Selon le rapport de vérification, le Mali, pays continental, s’étend sur une superficie de 1 241 238 km2. Il partage ses frontières avec sept autres pays et dispose d’un réseau routier classé de 89 024 km dont 44 routes nationales d’une longueur totale de 14 102 km. L’approvisionnement régulier et à moindre coût de sa population en biens et services est fortement tributaire du niveau d’entretien de son réseau routier.
Le désenclavement intérieur, notamment l’accès des zones rurales (zones de production) aux zones urbaines (zones de consommation) est une préoccupation majeure des plus hautes autorités du pays. Il en est de même pour le désenclavement extérieur à travers les principaux corridors pour la promotion du commerce transfrontalier.
Maintien du trafic, une préoccupation constante
Le maintien du trafic a toujours constitué une préoccupation constante pour les autorités du pays. Les modalités de financement, l’insuffisance des ressources allouées et leur gestion ont toujours été des contraintes à l’entretien routier. Afin de corriger les insuffisances susmentionnées, l’Etat du Mali a entrepris des réformes institutionnelles dans le domaine de l’équipement et des transports à travers la création de nouvelles structures dont l’Autorité routière (AR) qui procède de la mise en place d’un mécanisme de financement pérenne et suffisant de l’entretien routier.

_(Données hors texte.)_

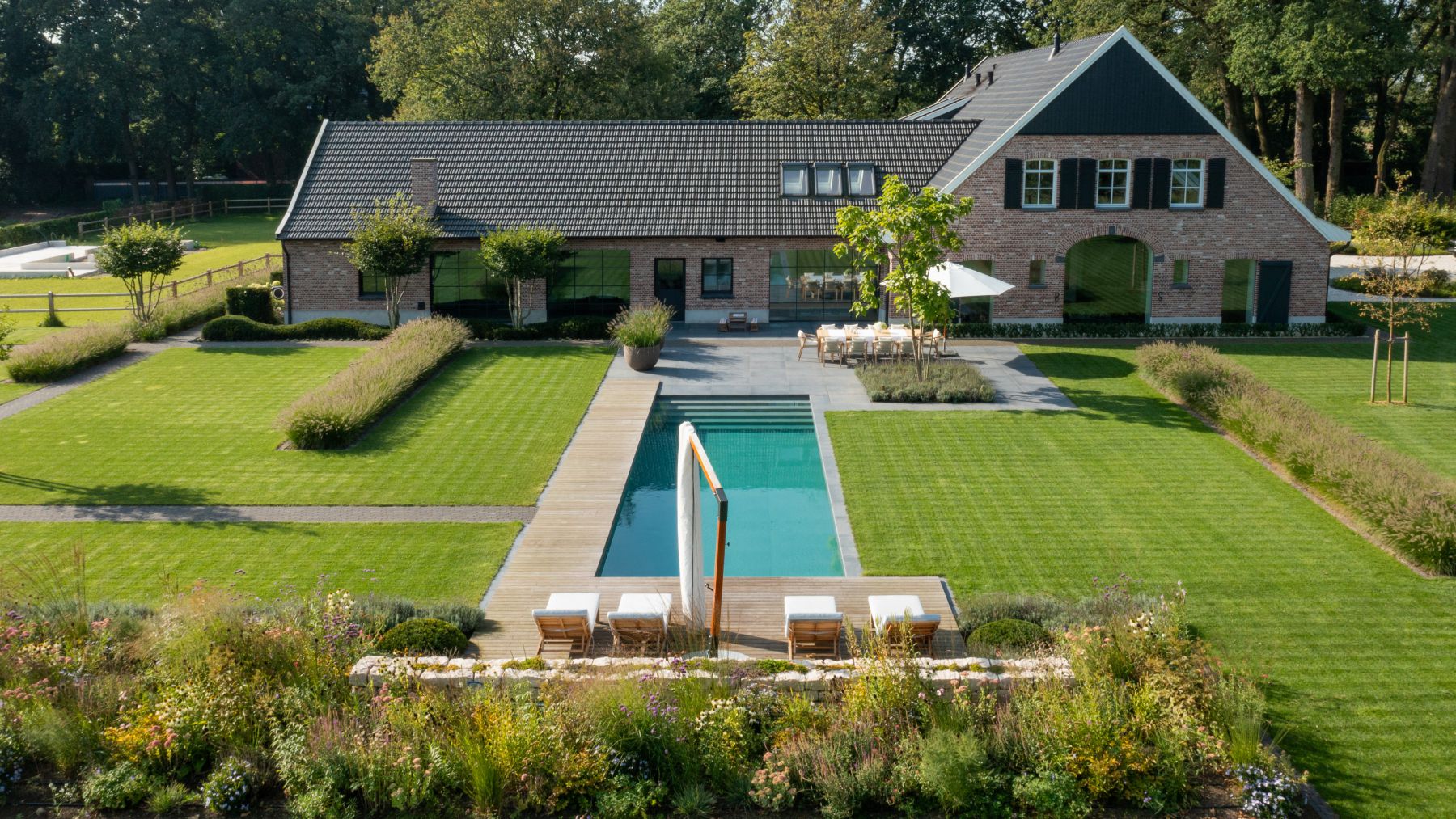 8.2 Luxuriöser Minimalismus mit Pool in der modernen Landhausidylle in Bocholt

Des ressources substantielles, constituées principalement de redevances d’usage routier ont été instituées et mobilisées par l’AR. Durant la période sous revue, 2017 à 2021, l’AR a bénéficié de ressources importantes de l’ordre de 253 995 820 546 F CFA de recettes, soit une moyenne annuelle de 50 799 164 109 F CFA. Les dépenses effectuées pour la même période s’élèvent à la somme de 158 575 525 787 F CFA, soit une moyenne annuelle de 10 159 832 822 F CFA.
L’utilisation des ressources de l’AR dans les travaux d’entretien routier s’effectue à travers des conventions signées avec le maître d’ouvrage (ministre chargé des Routes), et les travaux sont exécutés à l’entreprise par délégation de maîtrise d’ouvrage à l’Agence d’exécution des travaux d’entretien routier (Ageroute).
L’importance et la diversité de ces ressources financières ainsi que la multiplicité des intervenants dans leur collecte et leur utilisation sont des sources de risques de gestion potentiels suffisants nécessitant une attention particulière des Autorités compétentes avec la mise en œuvre d’un suivi régulier de la gestion de I’AR.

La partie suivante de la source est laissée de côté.